## Problem statement
The output is the lines below from the one with "Apple AirPods 2nd" through the one with "Oyo 81282 Ar Apartments Kochi", both included, printed exactly and with no other line.

## The input
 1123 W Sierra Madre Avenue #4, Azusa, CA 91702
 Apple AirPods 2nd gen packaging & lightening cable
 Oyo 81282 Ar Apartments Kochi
* * *
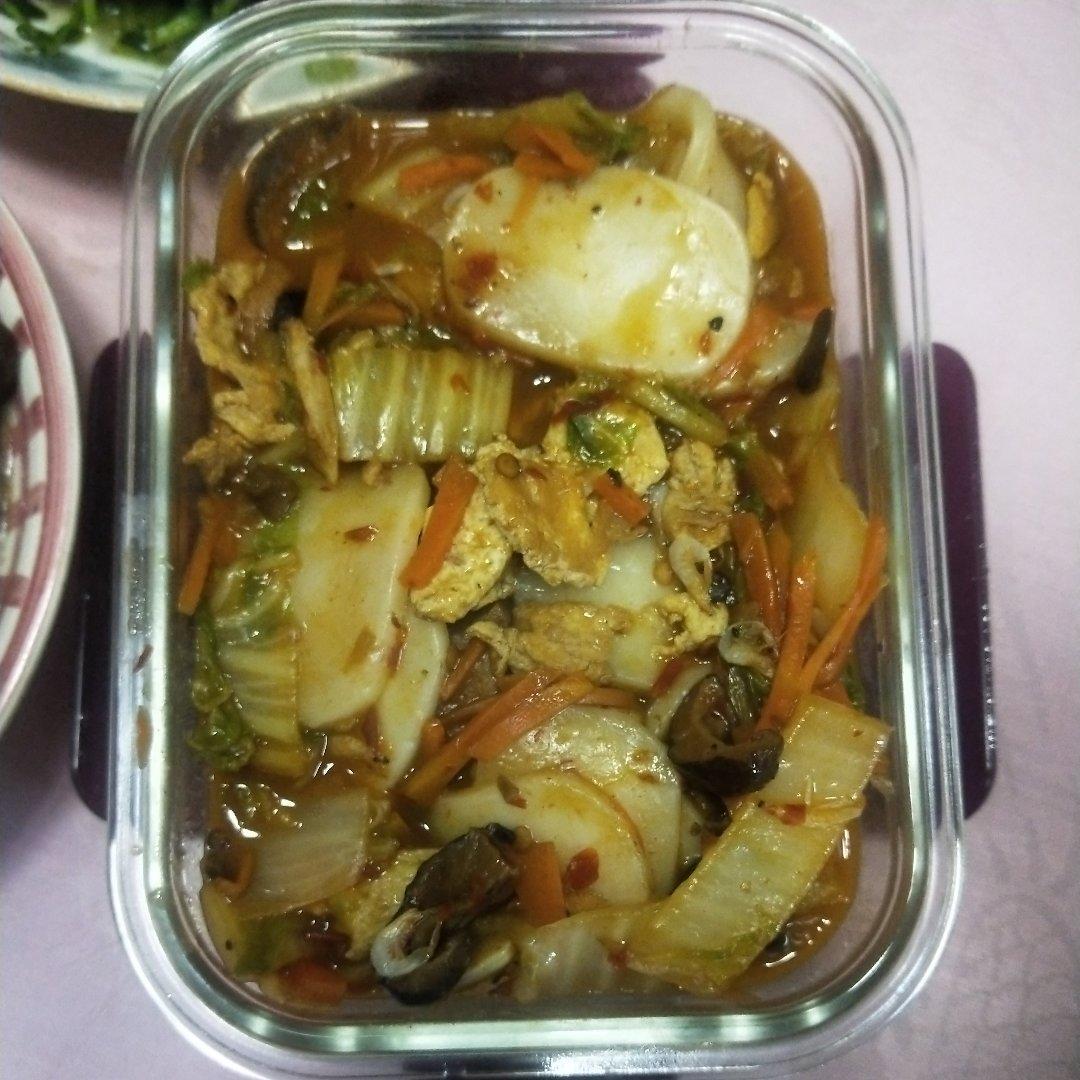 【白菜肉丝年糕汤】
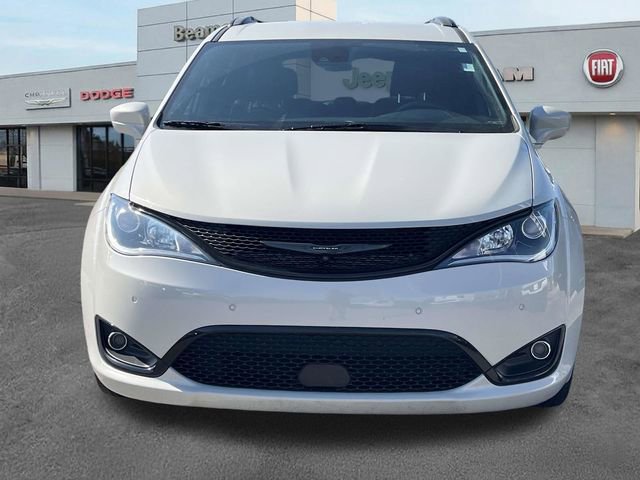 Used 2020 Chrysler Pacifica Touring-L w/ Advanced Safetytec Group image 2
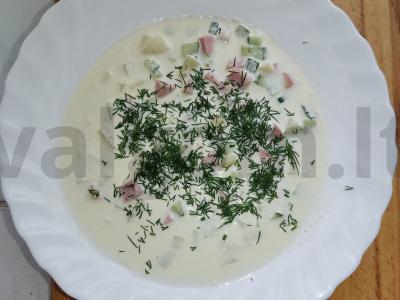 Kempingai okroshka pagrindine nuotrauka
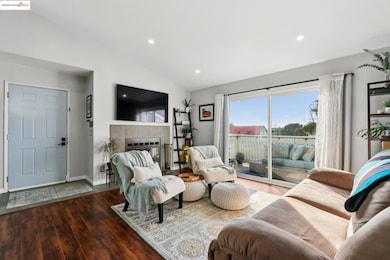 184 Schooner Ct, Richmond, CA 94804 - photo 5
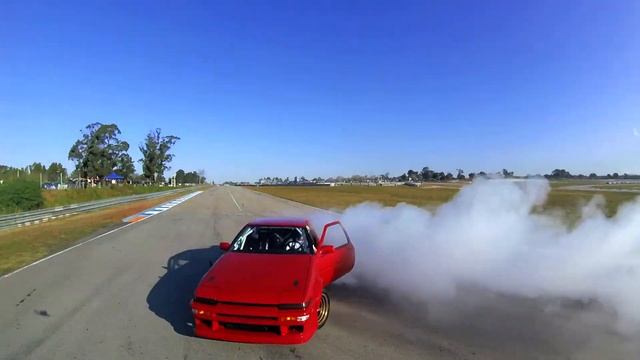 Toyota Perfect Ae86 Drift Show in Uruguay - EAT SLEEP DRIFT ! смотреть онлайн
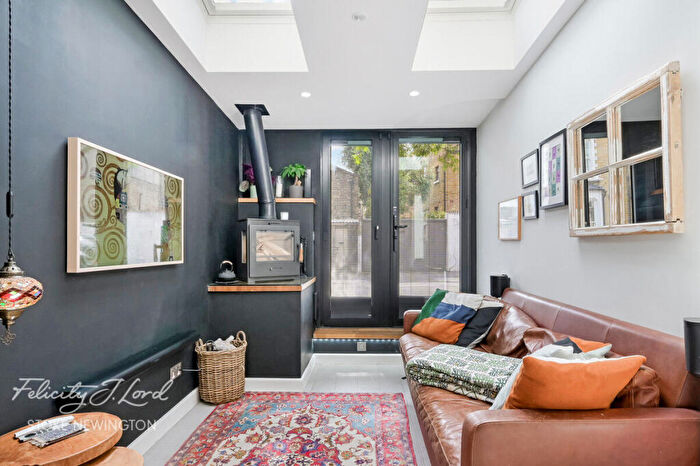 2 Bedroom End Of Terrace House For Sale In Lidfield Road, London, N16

## Solution to this exercise
 Apple AirPods 2nd gen packaging & lightening cable
 Oyo 81282 Ar Apartments Kochi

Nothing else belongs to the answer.